Yıllar sonra geri döner gözelerin diyarına...

El salladığı bu çocukların çocuklarının ve belki de torunlarının bağlamayla kurdukları bağı daha da kuvvetlendirmek ve her bir yana dal budak salmalarını sağlamak için geri döner yıllar sonra kendi deyimiyle “gözelerin” diyarına. Suyun çıktığı kaynaktaki yetenekli ama yeterince imkânı olmayan öğrencilere hiçbir maddi karşılık beklemeden gezip gördüğü, beslendiği yollarda devşirdiklerini, müzik eğitimi aldığı okullardan öğrendiklerini paylaşmak üzere Gezici Bağlama Atölyesi ile geri döner yeniden. İstanbul Maltepe’de kurduğu eğitim yuvasındaki ışıktan güneş doğduğu doğu çocuklarının da bir nebze de olsa yararlanmalarını ister. İlk seçmeler Erzurum, Erzincan ve Tunceli üçgeninde yapar. Atölyeye katılacak öğrencilerin seçmelerin yapıldığı ilk yer ise doğduğu köydeki artık okul olarak kullanılmasa da eski okulu olur. Ama bu ilk deneyim hayal kırıklığıyla sonuçlanır. Anadolu’nun büyük şehirlere göç vermiş birçok köyünde olduğu gibi, ocağı tütmeyen evler gibi, burası da dumanı tütmeyen bir okuldur maalesef. Çocukluğunda yaşamlarının bir parçası olan sanatın ve kültürün ışığı da pek bir sönüktür. Bu yüzden olsa gerek burada seçmelere katılan öğrenci sayısı nerdeyse yok denecek kadar az olur. Sonraki duraklar ise Erzincan ve Tuncel’idir. Neyse ki buradaki gözeler fokur fokur kaynamaktadır, derelere, nehirlere, denizlere karışmanın heyecanı içinde. Buralardaki seçmeler sonrasında koşullarını da zorlayarak 25 öğrenciyle Gezici Bağlam Atölyesi yollarda konaklaya konaklaya büyümeye baslar.

İşte Erzurum’da İstanbul’a giderken arkasında bıraktığı çocukları unutmayan Erdal Erzincan’ın, Gezici Bağlam Atölyesi dersleri de insanın güzel mirasını gelecek nesillere aktarmaya çalışan bir proje.
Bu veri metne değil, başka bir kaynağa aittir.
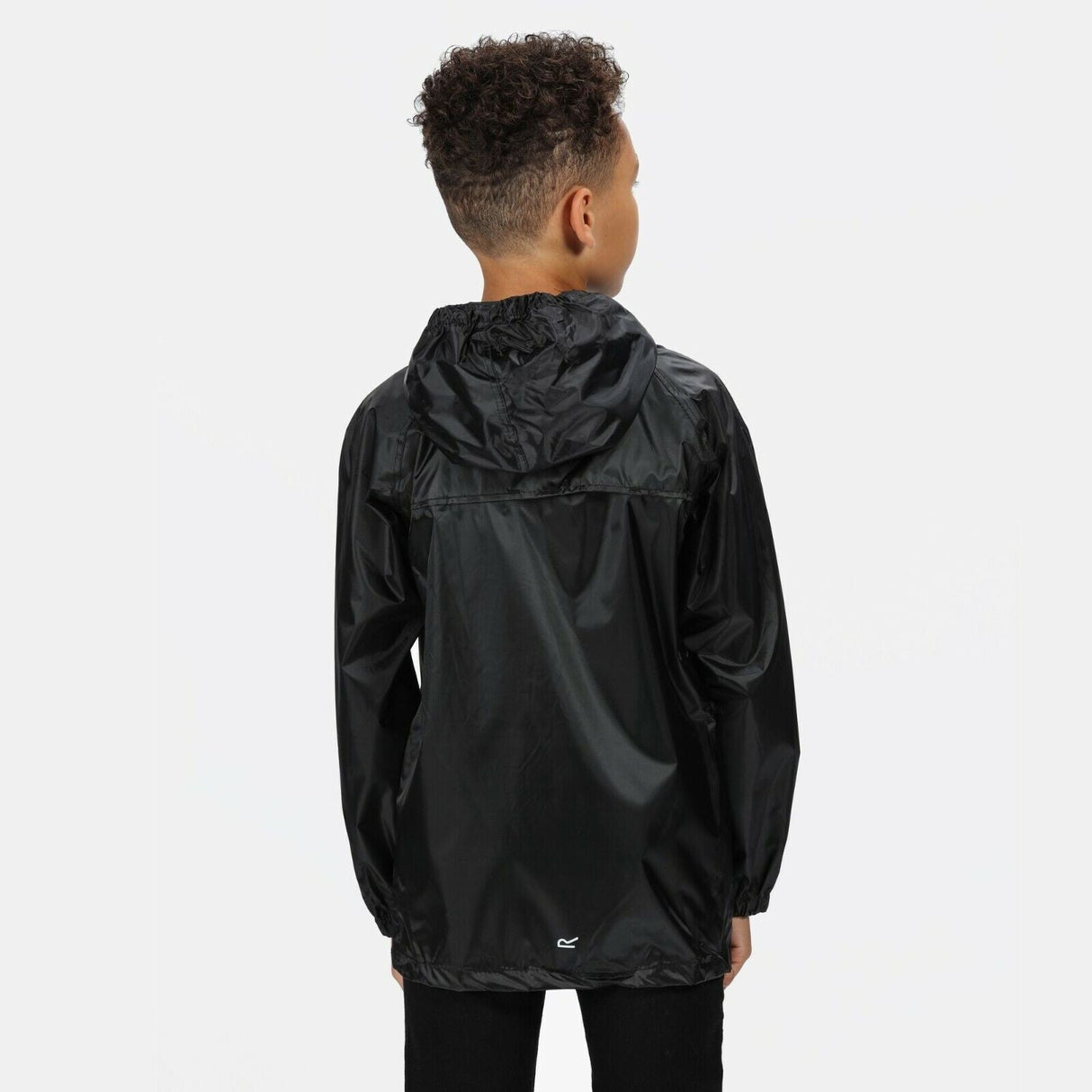 Regatta Kids Stormbreak Waterproof Jacket - Just £10.99! Shop now at Warwickshire Clothing.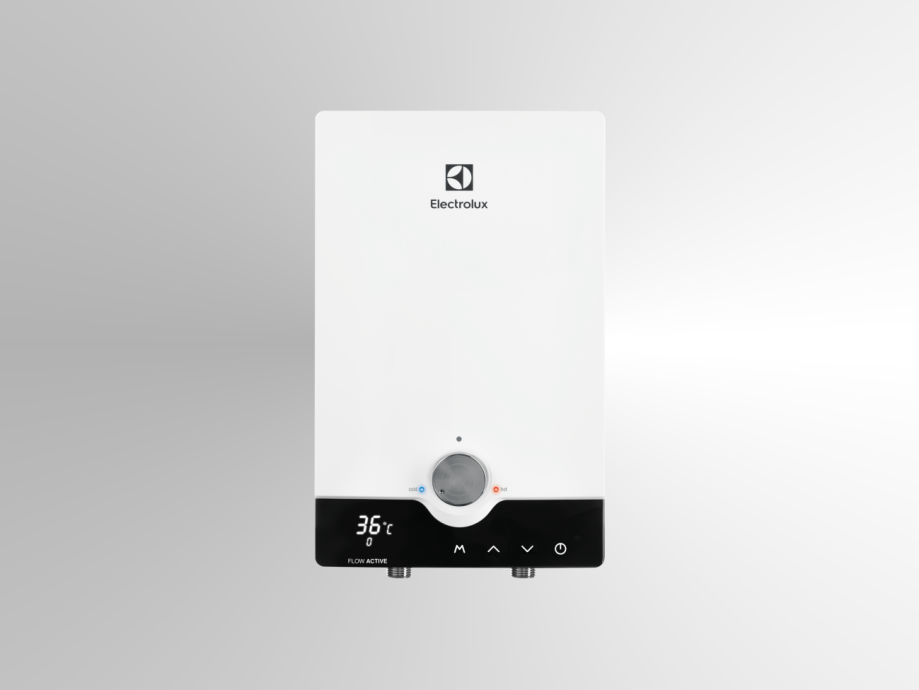 Elektrolux Flow Active NPX 8 caurplūdes ūdens sildītāji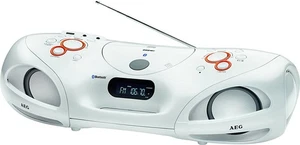 AEG SR 4371 BT Gettoblaster - Bild 1 von 8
Kökü derin geçmişte, gövdesi bu günde, dalı budağı gelecekteki ağaçlar misali bağlamayla ve sanatın bir kolu olarak müziğin gücüyle umutları yeşertmeye ve ortak bir dil bulmaya çalışan bir sanatçının emeğinin eseri olarak.

Minicik omuzlar ve kollarla ders sıraları yapılır... 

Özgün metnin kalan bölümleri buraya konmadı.